Because of its location close to the city centre, it provides easy access for residents and for elite athletes – as well as some of the most stunning views over Glasgow and beyond.
Local communities have been involved in the creation of the 5.6km course with eight of its key features being named by local schoolchildren from Glasgow and South Lanarkshire – the neighbouring local authorities in which the park lies.
Their winning entries included:
- Propeller Point for the area where athletes will pass close to a wind turbine
- Double Dare to describe the twisting downhill two-lane track where cyclists will overtake each other
- Boulder dash, a creek crossing
- Broken biscuits, a rough rocky stretch of track and
- Clyde Climb, a long uphill track (dimensions needed).
Other challenges along the course include Braveheart a curved and steep downhill drop.
More than 10,000 people have bought tickets to witness the thrilling action up close as the athletes race the course, which forms a figure of eight. The men have to complete seven laps to the finishing line and the women five.
David Grevemberg, Glasgow 2014 Chief Executive, said:
“Mountain biking offers a fantastic opportunity to get more people involved in cycling through the inspiration of seeing some of the worlds’ best cyclists at the Commonwealth Games. The Cathkin Braes course will be used for years to come by riders of all ages and experience, making it one of many of the tangible benefits the Games will leave for local communities.”
Cabinet Secretary Commonwealth Games and Sport, Shona Robison said:
“Scotland is one of the best places in the world for mountain biking and the excellent facilities at Cathkin Braes will help create a lasting legacy for Glasgow and the rest of the country.
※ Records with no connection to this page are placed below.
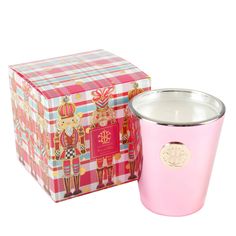 a pink candle sitting next to a box on top of a white surface with an image of a nutcracker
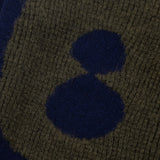 Close-up of a knitted fabric with a dark blue square and two smaller dark blue circles on a green background.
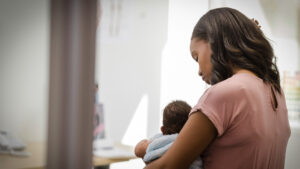 Young mom soothes fussy baby while waiting for doctor stock photo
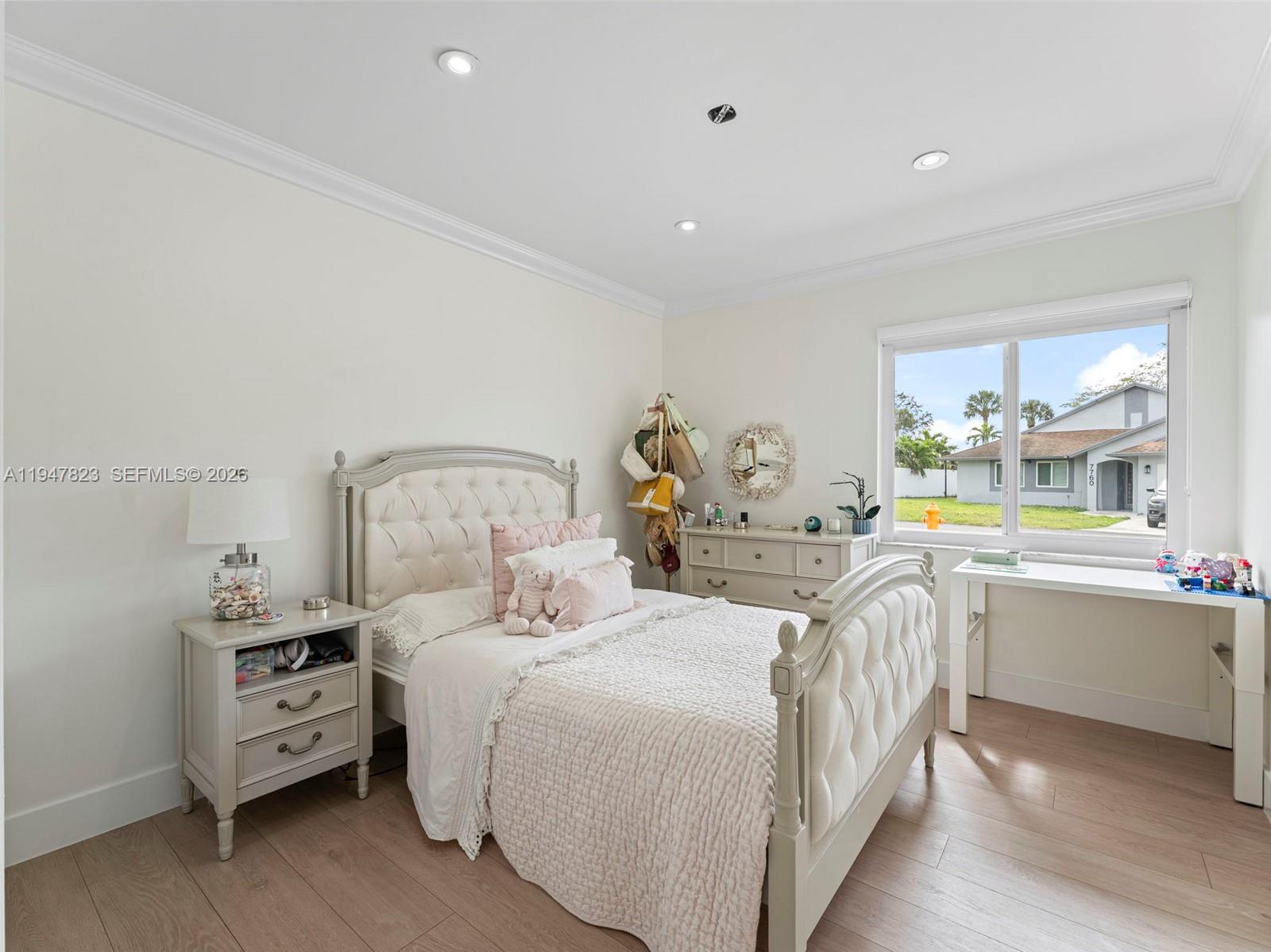 7753 Northwest 189th Street, Unit 1 Hialeah, FL 33015 - Photo 21 of 30 a bedroom with a bed and a large window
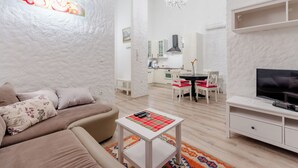 Ein modernes Wohnzimmer mit einer Couch, einem Couchtisch, einem Fernseher und einem Essbereich mit Stühlen und Tisch.
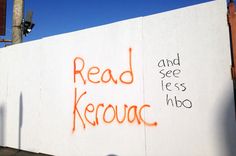 graffiti on the side of a building reads read kerouac and see less hbo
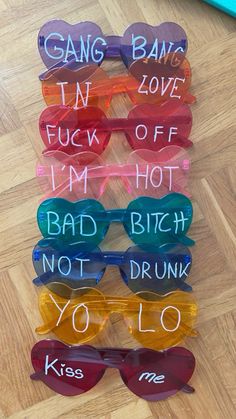 sunglasses with words written on them sitting on the floor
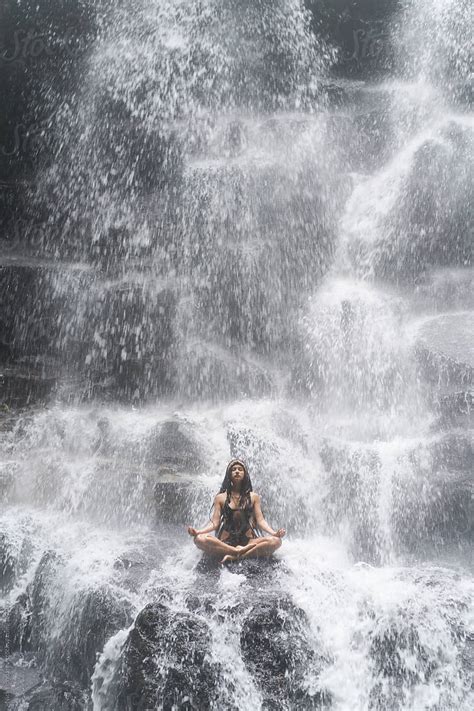 Young Woman Wearing Swimsuit Posing In Lotus Pose Under Waterfall By Stocksy Contributor Nick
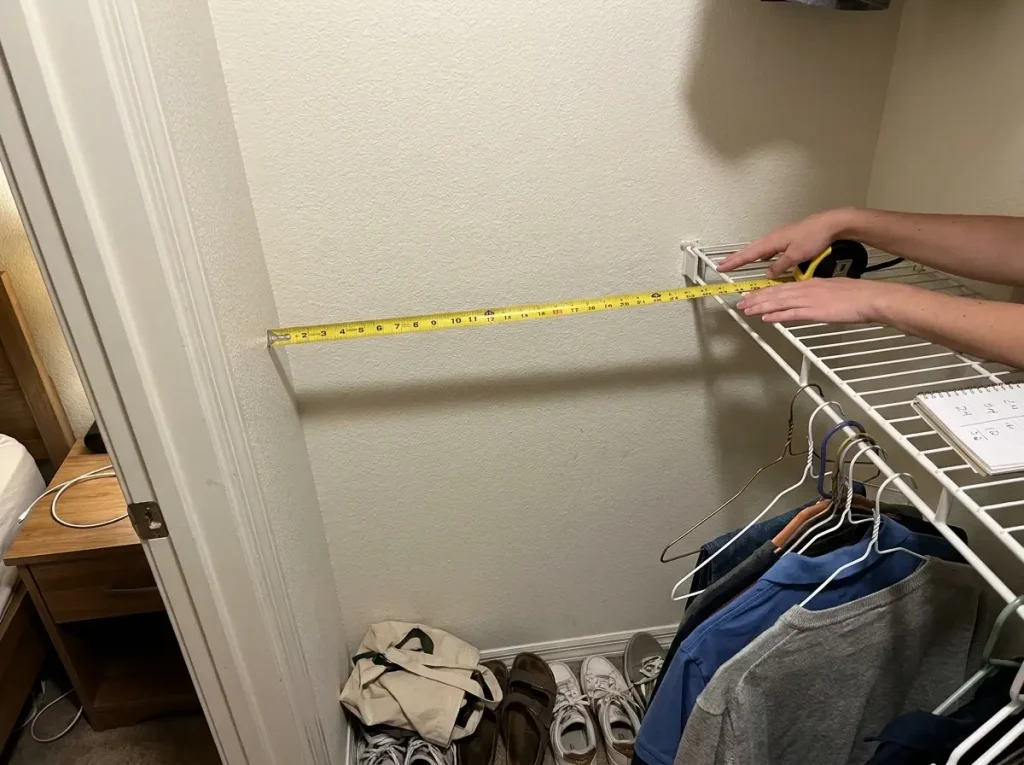 Hands holding a tape measure against a reach-in closet shelf showing depth measurement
As well as getting people active the course can attract future competitions and help develop the sport and raise its profile. We are about to see some fantastic mountain bike action at the Commonwealth Games, with great trails across Scotland, anyone inspired by what they see is a short journey from an exciting course to suit their ability.”
Councillor Archie Graham, Executive Member for the Commonwealth Games at Glasgow City Council, said:
"The Mountain Biking competition will bring more memorable sport to the Games, and provide another new striking perspective of Glasgow for spectators and vieers. Team Scotland has done fantastically well on the track so far at the Sir Chris Hoy Velodrome, and I am sure the achievements of all the cyclists on the various surfaces will inspire Glaswegians to use our fantastic new facilities and enjoy a sporting legacy from the Games."
Councillor Eddie McAvoy, Leader of South Lanarkshire Council said:
“We are looking forward to the Commonwealth Games experience at Cathkin at what will be an exciting event. Good luck to everyone competing in the mountain bike challenge.”
Cathkin Braes Country Park covers 199 hectares (493 acres) and is a site of importance for nature conservation. It extends from Blairbeth Golf Course in the east to Windlaw Farm in the west and has a wide range of local habitats includes marsh, heath, scrub, grassland, hedgerows and ancient woodlands.
On a clear day from Queen Mary's seat - a large cairn in the area where Mary Queen of Scots is said to have observed the defeat of her forces at the Battle of Langside on 13 May 1558 - it’s possible to see as far as Ben Lomond to the north and Goatfell to the west.
The trail opened for public use in 2013. Last summer, Cathkin Braes hosted the British National Championships and in April the Scottish Champions.